The farmhouse and barns are neatly arranged around a picturesque central yard and driveway loop.
Gordon (“Gordy”) Fletcher steps down from the tractor he is working on and is soon accompanied by his two dogs as he walks up the driveway. He and his wife Karin have raised beef cattle on this land for 35 to 40 years. Bear Farm has been in the family for three generations, tracing back to the 1940s.
Today, he has something unusual to show off. One of his Simmental-Black Angus crosses recently gave birth to something of a miracle – a set of identical triplets.
As most know, triplets are a statistical improbability in agriculture – let alone a healthy trio that all survive. Different industry voices seem to differ on the size of the statistical pool, but even at the low end, the odds of a set of triplets being born to a dairy or beef cow is around 1 in 100,000. The odds of all three animals being born alive and healthy is even rarer.
“It was crazy,” Karin said on the walk down the laneway toward the pasture. “He delivered the twins and then he was like ‘I think she’s got one more!’”
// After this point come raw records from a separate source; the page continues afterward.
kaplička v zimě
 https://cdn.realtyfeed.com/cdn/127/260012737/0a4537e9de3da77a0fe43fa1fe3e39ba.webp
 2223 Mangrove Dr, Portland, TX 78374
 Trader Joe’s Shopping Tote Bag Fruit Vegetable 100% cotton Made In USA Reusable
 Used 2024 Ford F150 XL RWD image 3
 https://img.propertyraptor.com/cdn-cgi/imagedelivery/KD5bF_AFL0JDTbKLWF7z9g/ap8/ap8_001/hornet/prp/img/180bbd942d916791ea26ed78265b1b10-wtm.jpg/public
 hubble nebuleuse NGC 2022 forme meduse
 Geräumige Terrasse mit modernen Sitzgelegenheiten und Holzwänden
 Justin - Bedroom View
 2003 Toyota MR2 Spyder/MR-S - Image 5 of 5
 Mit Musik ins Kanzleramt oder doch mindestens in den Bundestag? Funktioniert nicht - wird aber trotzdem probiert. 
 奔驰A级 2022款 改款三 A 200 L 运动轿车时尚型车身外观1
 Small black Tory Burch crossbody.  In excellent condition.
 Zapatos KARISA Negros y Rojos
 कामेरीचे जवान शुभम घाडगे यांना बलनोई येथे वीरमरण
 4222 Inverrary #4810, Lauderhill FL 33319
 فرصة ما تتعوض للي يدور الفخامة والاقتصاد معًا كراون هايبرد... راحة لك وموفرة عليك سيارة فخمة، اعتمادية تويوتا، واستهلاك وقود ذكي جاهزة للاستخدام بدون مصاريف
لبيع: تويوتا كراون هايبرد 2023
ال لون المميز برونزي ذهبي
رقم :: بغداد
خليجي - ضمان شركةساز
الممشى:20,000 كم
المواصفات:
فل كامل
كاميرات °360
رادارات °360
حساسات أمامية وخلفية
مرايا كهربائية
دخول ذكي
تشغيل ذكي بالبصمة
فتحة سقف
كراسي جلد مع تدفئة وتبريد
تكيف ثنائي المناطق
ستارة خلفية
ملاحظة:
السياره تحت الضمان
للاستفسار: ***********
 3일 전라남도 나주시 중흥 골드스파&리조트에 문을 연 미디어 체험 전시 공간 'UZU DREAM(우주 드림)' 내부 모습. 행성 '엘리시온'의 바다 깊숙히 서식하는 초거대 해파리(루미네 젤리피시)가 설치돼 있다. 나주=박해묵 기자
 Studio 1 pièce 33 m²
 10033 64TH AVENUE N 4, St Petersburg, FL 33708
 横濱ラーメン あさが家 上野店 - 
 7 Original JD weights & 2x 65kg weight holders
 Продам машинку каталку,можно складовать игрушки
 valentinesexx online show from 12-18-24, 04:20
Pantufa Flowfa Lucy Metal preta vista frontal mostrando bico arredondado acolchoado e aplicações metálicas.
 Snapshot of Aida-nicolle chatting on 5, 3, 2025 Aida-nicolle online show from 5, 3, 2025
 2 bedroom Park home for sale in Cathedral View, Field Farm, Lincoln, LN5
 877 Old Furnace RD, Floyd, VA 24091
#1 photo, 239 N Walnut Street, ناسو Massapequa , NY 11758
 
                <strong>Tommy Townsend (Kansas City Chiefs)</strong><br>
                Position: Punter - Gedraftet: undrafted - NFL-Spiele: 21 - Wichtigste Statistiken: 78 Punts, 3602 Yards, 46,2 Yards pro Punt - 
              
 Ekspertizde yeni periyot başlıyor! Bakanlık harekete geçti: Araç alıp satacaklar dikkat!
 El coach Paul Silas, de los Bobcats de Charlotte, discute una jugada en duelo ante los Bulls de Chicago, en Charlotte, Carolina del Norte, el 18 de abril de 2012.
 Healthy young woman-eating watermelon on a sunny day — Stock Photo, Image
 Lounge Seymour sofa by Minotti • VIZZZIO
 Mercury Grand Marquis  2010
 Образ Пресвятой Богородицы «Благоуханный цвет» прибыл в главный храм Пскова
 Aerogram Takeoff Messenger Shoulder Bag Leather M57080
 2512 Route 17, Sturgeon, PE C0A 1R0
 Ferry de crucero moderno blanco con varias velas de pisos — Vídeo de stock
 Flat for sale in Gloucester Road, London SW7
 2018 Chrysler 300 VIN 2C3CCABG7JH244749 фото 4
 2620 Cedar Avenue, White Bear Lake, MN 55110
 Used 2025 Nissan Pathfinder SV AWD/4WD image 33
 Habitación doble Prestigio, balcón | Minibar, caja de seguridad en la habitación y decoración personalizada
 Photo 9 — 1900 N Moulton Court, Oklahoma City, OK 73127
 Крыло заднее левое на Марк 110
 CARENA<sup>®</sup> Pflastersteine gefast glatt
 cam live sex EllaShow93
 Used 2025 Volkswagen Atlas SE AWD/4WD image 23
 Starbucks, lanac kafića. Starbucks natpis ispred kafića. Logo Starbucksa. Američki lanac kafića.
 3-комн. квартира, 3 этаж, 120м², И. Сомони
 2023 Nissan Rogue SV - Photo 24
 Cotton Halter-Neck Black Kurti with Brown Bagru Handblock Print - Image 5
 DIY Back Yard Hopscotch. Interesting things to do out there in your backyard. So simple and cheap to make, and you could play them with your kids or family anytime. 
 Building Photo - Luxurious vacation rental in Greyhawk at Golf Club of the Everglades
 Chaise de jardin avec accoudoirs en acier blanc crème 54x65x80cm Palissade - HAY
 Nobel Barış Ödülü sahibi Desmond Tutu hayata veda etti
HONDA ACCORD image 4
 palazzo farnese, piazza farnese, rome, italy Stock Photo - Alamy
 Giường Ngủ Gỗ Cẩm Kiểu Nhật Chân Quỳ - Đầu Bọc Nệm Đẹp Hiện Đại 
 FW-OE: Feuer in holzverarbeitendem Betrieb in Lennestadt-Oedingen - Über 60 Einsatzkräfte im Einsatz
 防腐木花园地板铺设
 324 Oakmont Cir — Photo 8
All three calves, now around seven weeks old, are bulls and seem to be thriving. Upon the visit to the pasture, they were found resting with their mama in the shade of an heirloom apple tree, finding respite from the warm sunshine. It was an amusing sight as all three small faces popped up from the grass, ears alert as they greeted their visitors.
Bear Farm will raise the trio “for a while,” said Karin. Their ultimate place in the farm’s beef program will be decided later.
For now, the Fletchers are just enjoying their little miracles and showing them off to the world.